Une femme du monde est un émouvant portrait, celui d’une femme libre et déterminée portée par l’énergie débordante de Laure Calamy.
Synopsis : A Strasbourg, Marie se prostitue depuis 20 ans. Elle a son bout de trottoir, ses habitués, sa liberté. Et un fils, Adrien, 17 ans. Pour assurer son avenir, Marie veut lui payer des études. Il lui faut de l’argent, vite.
Le vice et la vertu
Critique : Une femme du monde est le premier long-métrage de Cécile Ducrocq mais sa collaboration avec Laure Calamy remonte à 2014, année de tournage du court-métrage La contre-allée (César 2016) qui décrivait le parcours d’une prostituée confrontée à la concurrence et la violence. Désireuse de mettre cette fois l’accent sur l’aspect social plutôt que la comédie de mœurs, la scénariste s’attache à dépeindre le parcours chaotique d’une mère, semblable à tant d’autres, prête à surmonter les obstacles que la vie et, bien plus encore, son statut de travailleuse du sexe mettent en travers de sa route, pour assurer le meilleur avenir possible à son fils, un adolescent passablement démotivé (l’excellent débutant Nissim Renard). Qui mieux que l’impétueuse Laure Calamy pouvait donner vie à cette femme forte, drôle, futée, dotée d’une énergie décuplée et d’une humanité débordante, y compris pour les hommes qu’elle reçoit ?

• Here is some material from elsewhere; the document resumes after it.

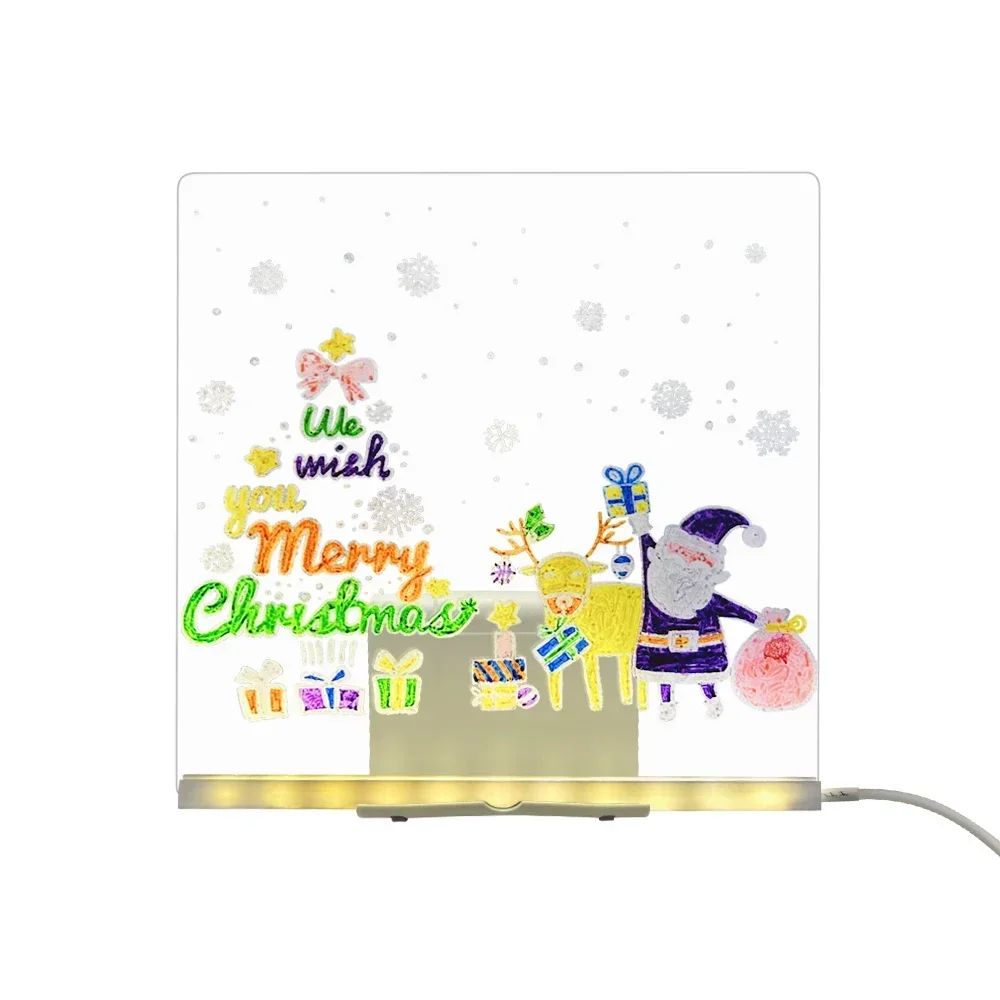 Custom LED Night Light Acrylic Panel - Draw & Erase, Perfect for Creating a Festive Mood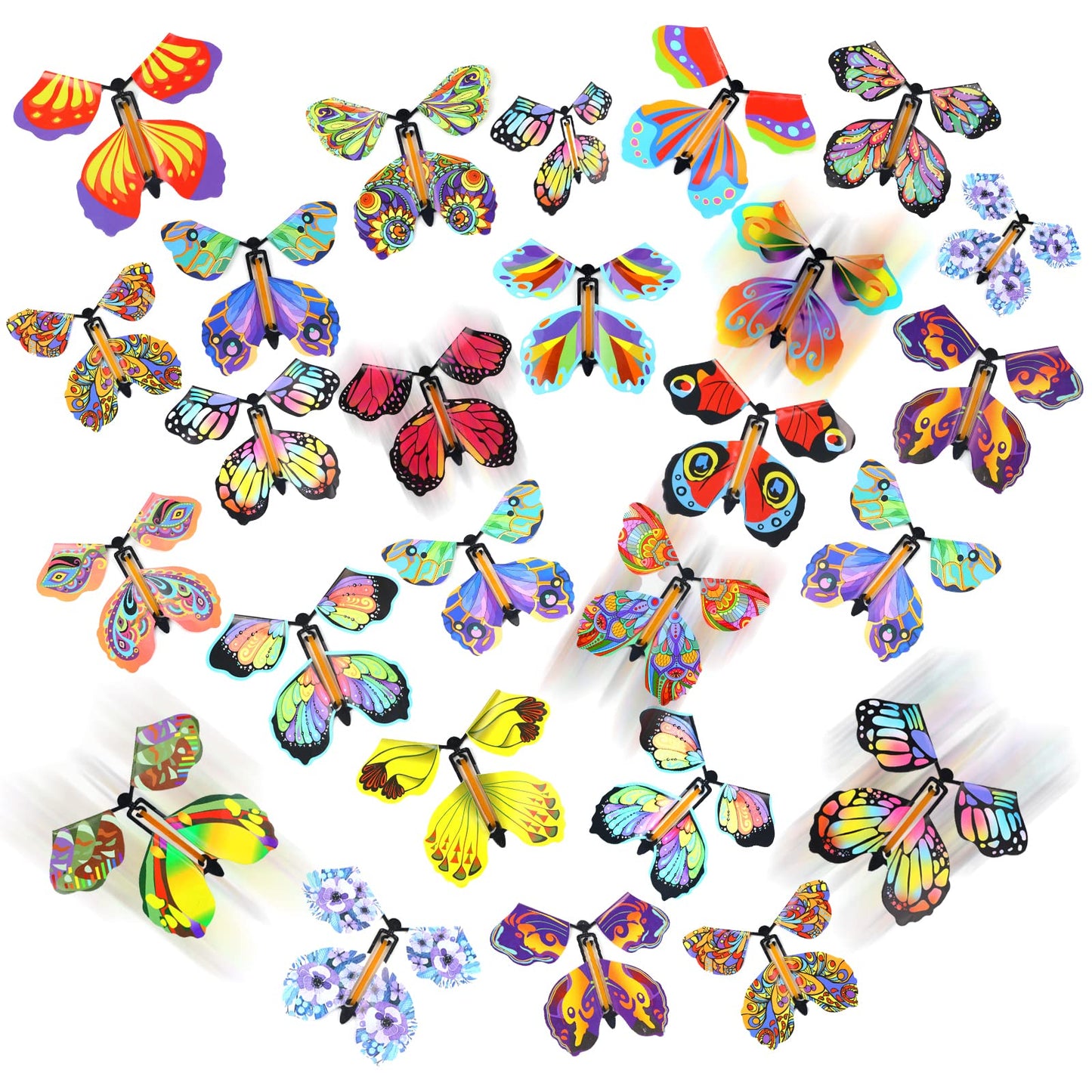 LOMIMOS 20PCS Flying Butterfly, Magic Wind Up Butterfly Toy Gift for Kids Surprise Explosion Box Wedding Birthday Party Book Greeting Card(20 Styles)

De la difficulté d’être une femme libre dans notre société
La scène d’ouverture nous renseigne d’emblée sur les conditions de respect et dignité, dans lesquelles Marie (Laure Calamy) exerce ce métier souvent décrié mais qu’elle aime. Un peu comme on consulte un psy, certains clients viennent la voir régulièrement et des liens, sinon amicaux, en tout cas d’estime mutuelle, sont créés. A tel point que l’un d’entre eux, touché par la détresse de Marie face à l’apathie chronique de ce fils pourtant passionné de cuisine, lui recommande une école hôtelière réputée dans la région. Mais intégrer cet établissement de haut niveau a un coût financier difficilement supportable pour Marie, tandis qu’Adrien, pas dupe du décalage social, affirme qu’il n’est pas à sa place parmi les petits bourgeois.
Une mise en scène sagement classique coche patiemment toutes les cases destinées à souligner le cynisme des uns, l’hypocrisie des autres à l’égard de cette mère célibataire, livrée à son sort. Le banquier, faute de bulletins de de salaires et revenus réguliers, refuse le prêt ; la secrétaire de l’école est peu encline à un arrangement pécuniaire ; les conditions de travail sont dégradées par le vote de lois pénales ou la concurrence de réseaux mafieux ; quant à l’État, il prélève taxes et impôts sans jamais assurer la moindre protection à ces professions non reconnues : autant de preuves que Marie ne peut que compter sur elle-même. Tout au plus peut-elle s’appuyer sur son ami transsexuel, avocat de l’association de défense des prostituées. Un jeune homme doux qui écope de l’impossible exploit de raisonner Adrien, et qui, bien malgré lui, se fait le complice des quelques facilités scénaristiques propres à décrédibiliser le récit.
Laure Calamy est Une femme du monde spontanée et généreuse
Mais parce que la capacité d’action de notre héroïne ne faiblit jamais bien longtemps, l’intrigue rebondit au-delà des frontières, dans un club en Allemagne, où Marie espère doper ses gains. Elle y troque son indépendance contre la vulgarité des clients et la jalousie des autres filles, plus rompues aux coups bas qu’à la solidarité. Un épisode dynamisé par la richesse d’un personnage dont l’ambivalence se révèle peu à peu et auquel Laure Calamy prête sa fragilité et sa fantaisie. Pivot du récit, l’actrice nourrit de sa spontanéité, sa générosité et sa force de persuasion cette émouvante histoire de passation générationnelle à laquelle bien des mères n’auront aucun mal à s’identifier.